Un ensemble et quatre disques.
Former son propre ensemble, Le Concert d'Astrée, n'a plus été qu'une question de temps, le temps de réunir les bonnes volontés prêtes à travailler pour le seul amour de l'art, le temps de se faire connaître et apprécier et de trouver en la fondation France Télécom le sponsor sans qui, de nos jours, rien n'est possible. Autre bonne fée sur son chemin, le chef britannique Simon Rattle, à qui Christie l'avait recommandée pour faire travailler aux chanteurs « les Boréades », de Rameau, pour Salzbourg. Il lui a ouvert les portes en Angleterre. Glyndebourne d'abord, où Villegier reprenait pour le Glyndebourne Touring Opera sa « Rodelinda » de Haendel, et où elle découvrit ce qu'en secret elle idéalisait : que chacun fasse partie d'un édifice, puisse remplacer, servir à guider les autres comme c'est le cas dans la merveilleuse démocratie de ce festival unique au monde pour ses conditions privilégiées de travail de répétition. L'année suivante, c'est au pupitre de « Theodora », autre Haendel au répertoire du festival, qu'on la retrouve. Puis à Londres.

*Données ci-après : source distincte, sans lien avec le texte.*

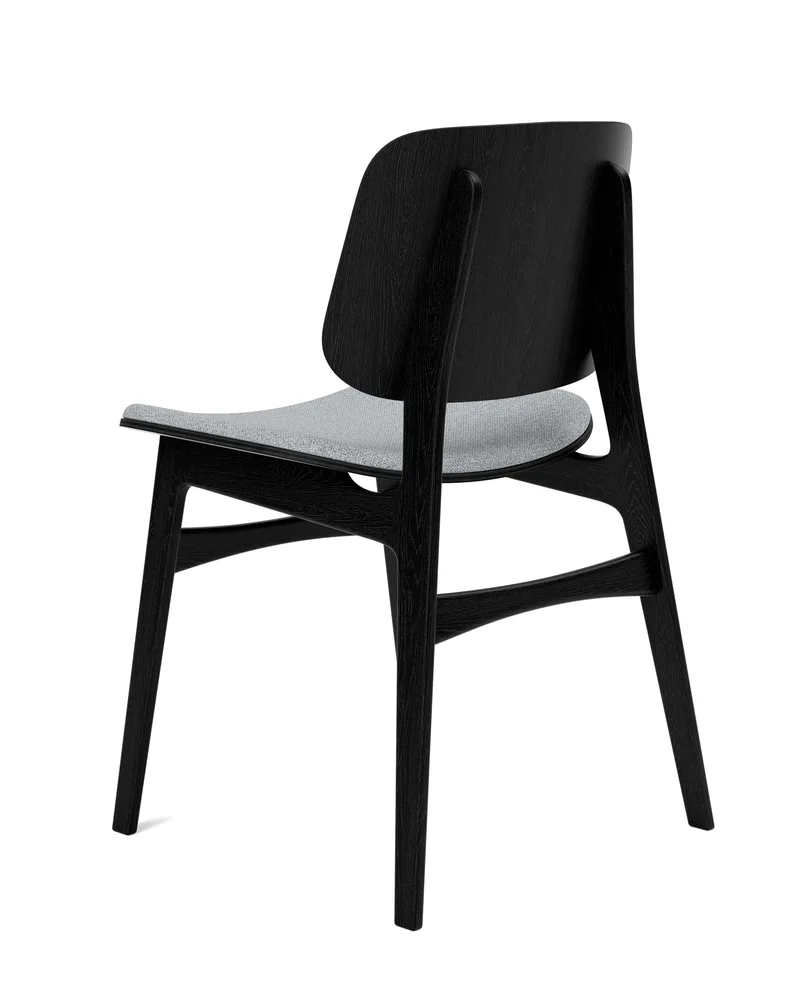 Søborg Wood Base Seat upholstered by Fredericia in Hallingdal 130, Oak black lacquer, FSC Mix 70% – product photo 3 of 4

Virgin Classics n'attend pas pour l'engager et déjà quatre disques sont sur le marché : « Duos arcadiens » et « Aci, Galatea e Polifemo » de Haendel, « Dido and Aeneas » de Purcell et, tout dernier paru, « Orfeo » de Monteverdi.

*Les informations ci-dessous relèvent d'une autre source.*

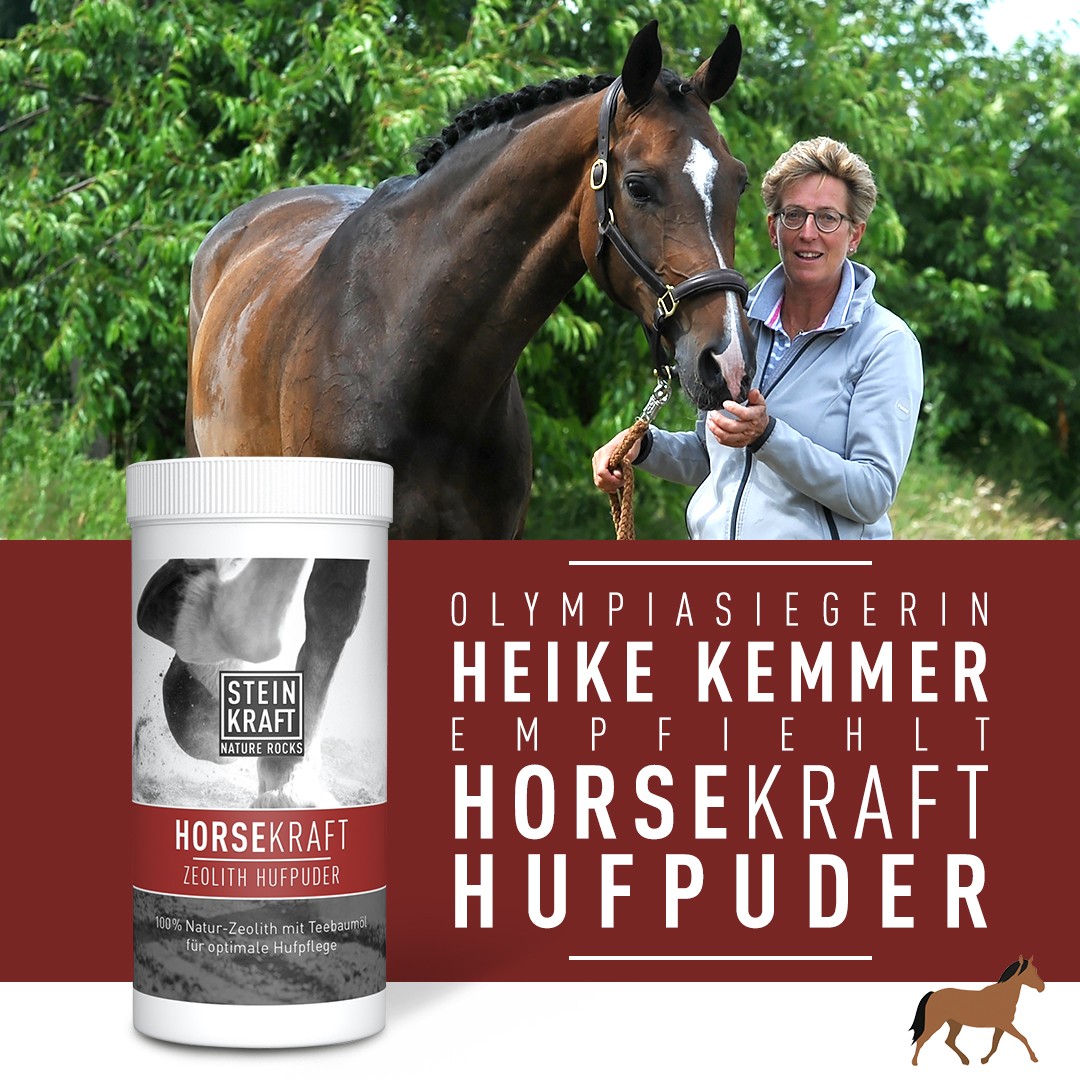 Heike Kemmer empfiehlt Zeolith Hufpuder bei Strahlfäule und feuchten Pferdehufen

En 2004, Amsterdam, Vienne, Bruxelles, Prague puis Lisbonne et Glyndebourne la verront à la tête de son ensemble ou comme chef invitée. L'Opéra de Lille l'attend cet automne avec « Tamerlano » de Haendel, en coproduction avec le Théâtre de Caen. En 2005 ce sera une tournée aux Etats-Unis, et, au printemps 2006, une vingtaine de représentations scéniques d'« Orfeo » sont prévues à Lille, Caen, à l'Opéra du Rhin et au Théâtre du Châtelet. En attendant, on pourra l'entendre ce mois-ci à Paris, au Théâtre des Champs-Élysées*. Elle dirigera deux de ses compositeurs préférés, Claudio Monteverdi, qui recèle derrière une simplicité apparente un raffinement d'écriture merveilleux, et Marc-Antoine Charpentier, le plus italien des compositeurs français.
* Théâtre des Champs-Elysées (01.49.52.50.50), le 4 mars à 20 h à la tête du Concert d'Astrée (Monteverdi, « Combattimento di Tancredi e Clorinda ») et le 20 mars à 20 h à la tête de l'Orchestra of the Age of the Enlightenment (Charpentier, « David et Jonathas »).